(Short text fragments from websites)
____

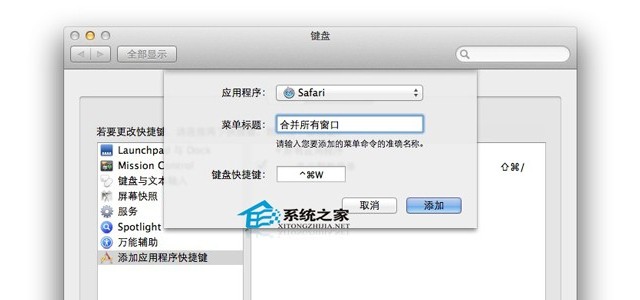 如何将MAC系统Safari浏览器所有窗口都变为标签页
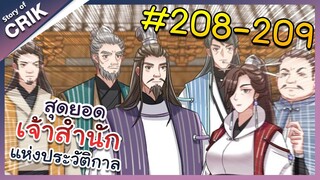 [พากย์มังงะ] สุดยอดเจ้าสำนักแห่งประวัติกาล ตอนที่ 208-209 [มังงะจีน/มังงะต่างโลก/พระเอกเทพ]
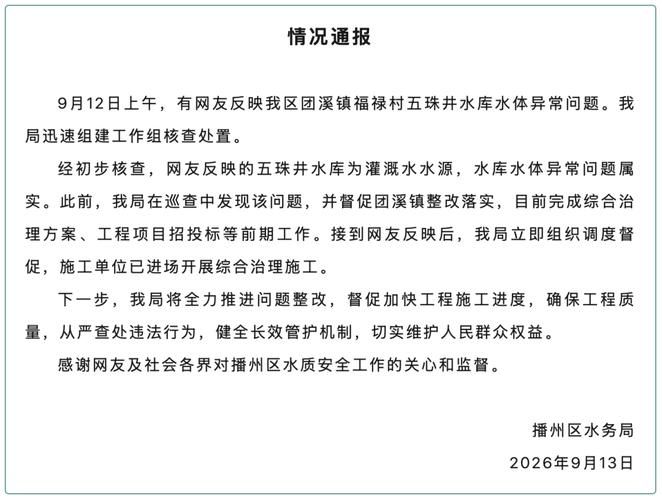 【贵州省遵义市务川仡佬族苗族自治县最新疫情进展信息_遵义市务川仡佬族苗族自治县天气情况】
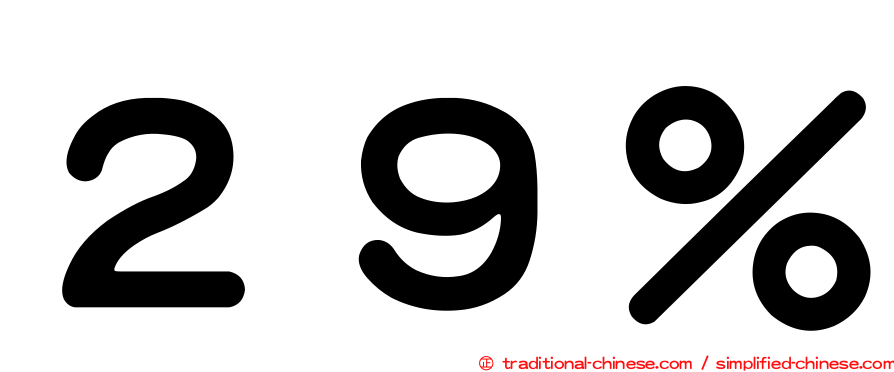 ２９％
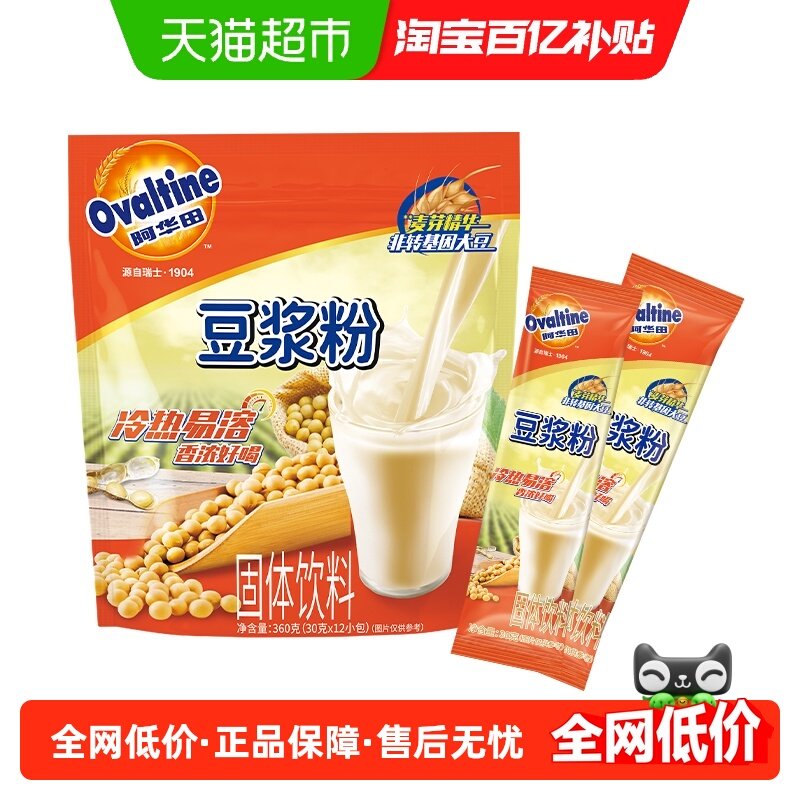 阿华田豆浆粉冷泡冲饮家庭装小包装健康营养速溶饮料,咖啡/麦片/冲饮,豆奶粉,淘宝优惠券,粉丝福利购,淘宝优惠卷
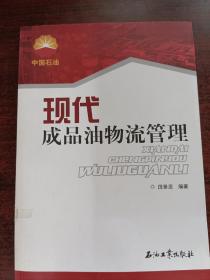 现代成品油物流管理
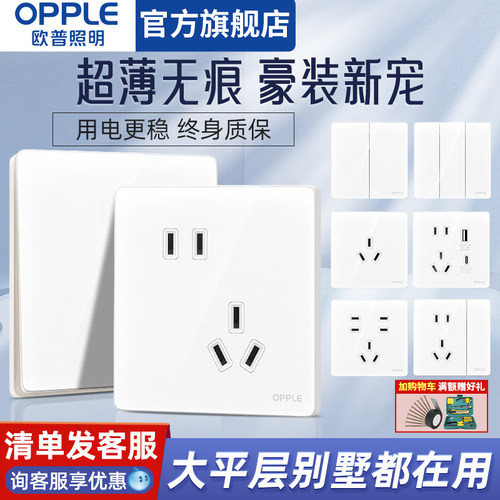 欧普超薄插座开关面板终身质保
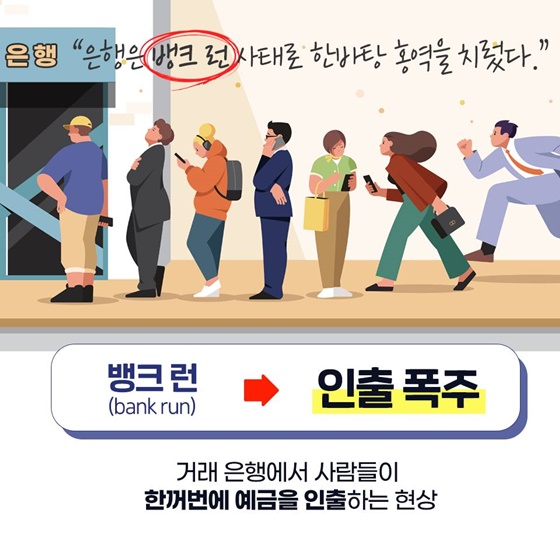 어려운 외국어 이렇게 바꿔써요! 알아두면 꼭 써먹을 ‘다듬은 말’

____

* **REQUIRED WORK**: Here the job is to retype exactly the lines that start at the one containing "阿华田豆浆粉冷泡冲饮家庭装小" and run through the end of the records above, leaving out pictures.

* **RESPONSE AREA**:
 阿华田豆浆粉冷泡冲饮家庭装小包装健康营养速溶饮料,咖啡/麦片/冲饮,豆奶粉,淘宝优惠券,粉丝福利购,淘宝优惠卷
 现代成品油物流管理
 欧普超薄插座开关面板终身质保
 어려운 외국어 이렇게 바꿔써요! 알아두면 꼭 써먹을 ‘다듬은 말’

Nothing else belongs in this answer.